The input:
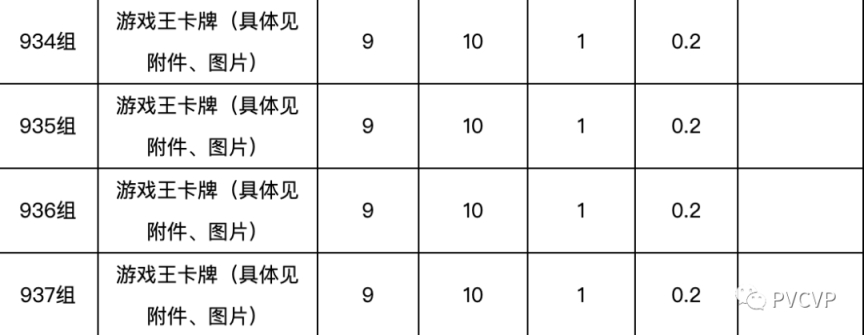 【周边专区】又有法院要拍卖「纯金青眼白龙」卡牌了，而且这次还是“原箱原版证书”-第47张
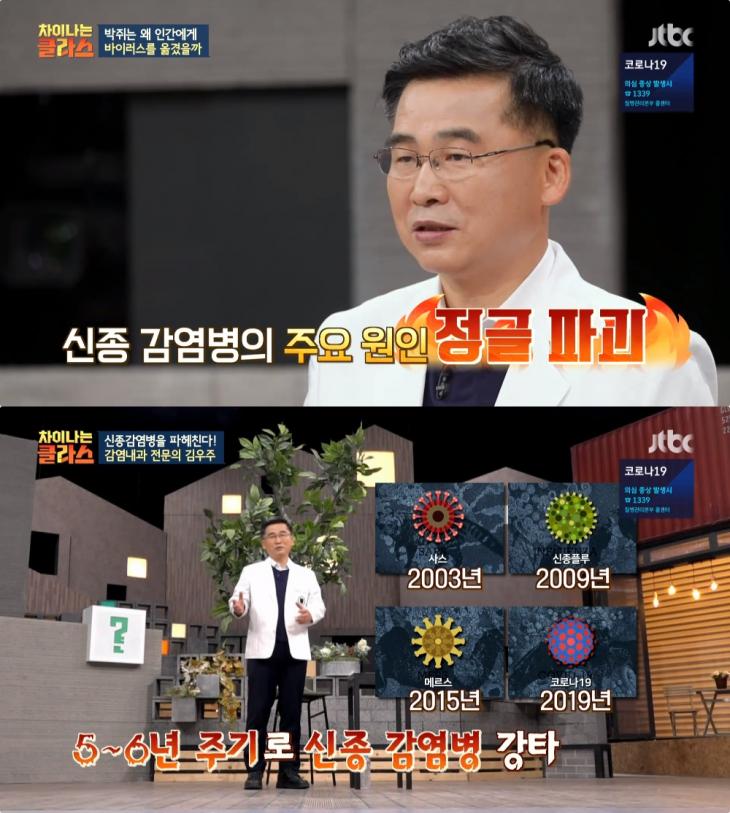 JTBC ‘차이나는 클라스 - 질문 있습니다’ 방송 캡처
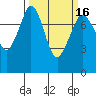 Bellingham tide chart for Tuesday, March 16, 2021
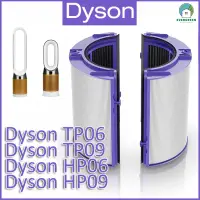 在飛比找友和YOHO優惠-適用於Dyson Pure Cool Link TP06 T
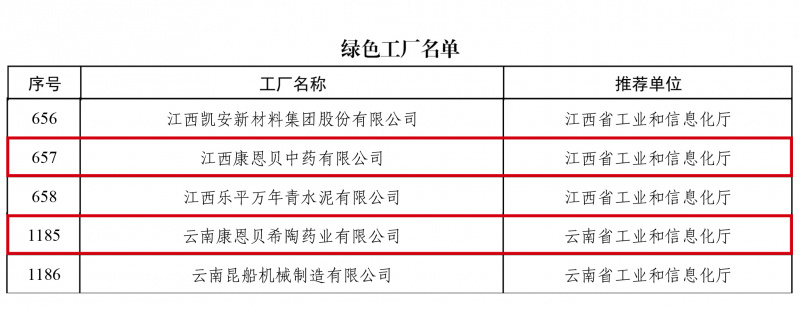 康恩貝綠色工廠.jpg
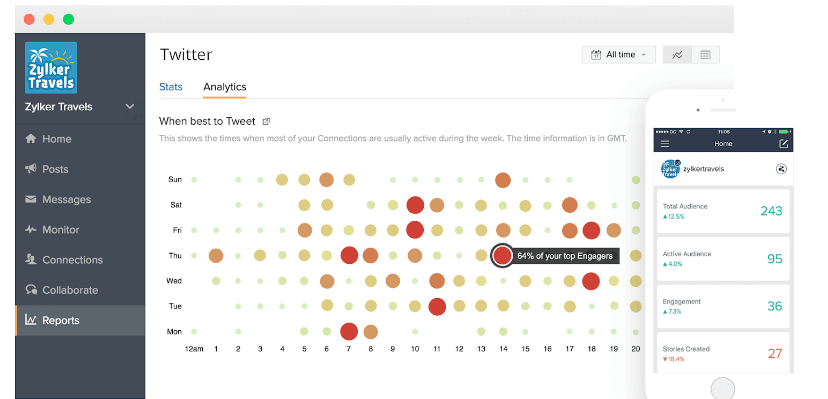 Zoho Social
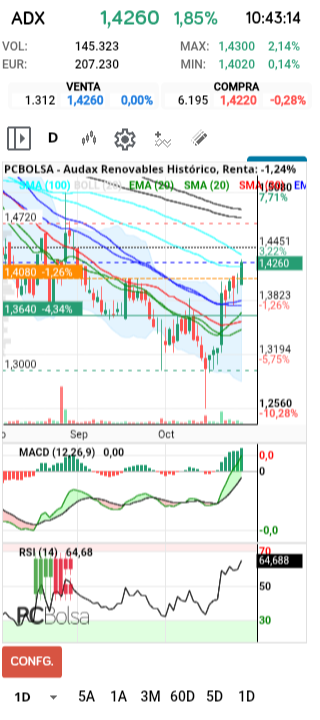 grafico de la accion henr77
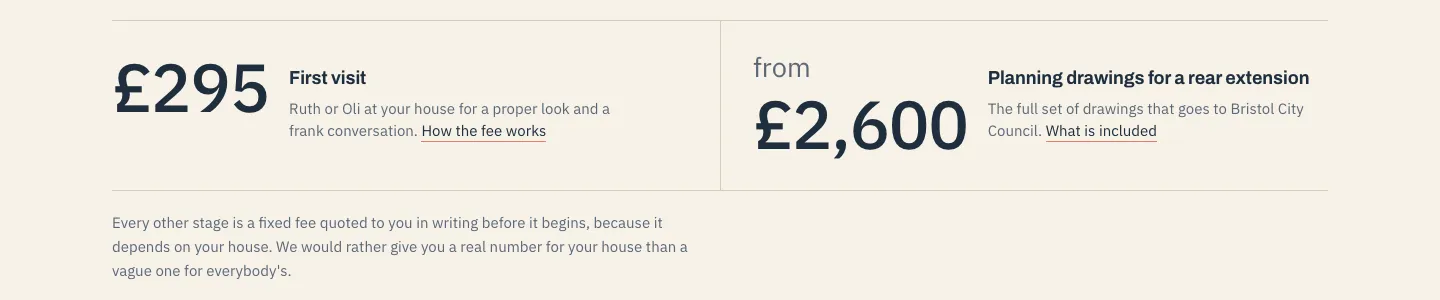 Fee summary in the fictional Pinch and Vale example: a first visit at £295, and planning drawings for a rear extension from £2,600.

Assignment: Extract word for word every line from the line that contains "在飛比找友和YOHO優惠-適用於Dyson Pure Cool Link TP06 T" to the final line of the data, both included, and nothing else; skip the pictures.

Result for this exercise:
 在飛比找友和YOHO優惠-適用於Dyson Pure Cool Link TP06 T
 康恩貝綠色工廠.jpg
 Zoho Social
 grafico de la accion henr77
 Fee summary in the fictional Pinch and Vale example: a first visit at £295, and planning drawings for a rear extension from £2,600.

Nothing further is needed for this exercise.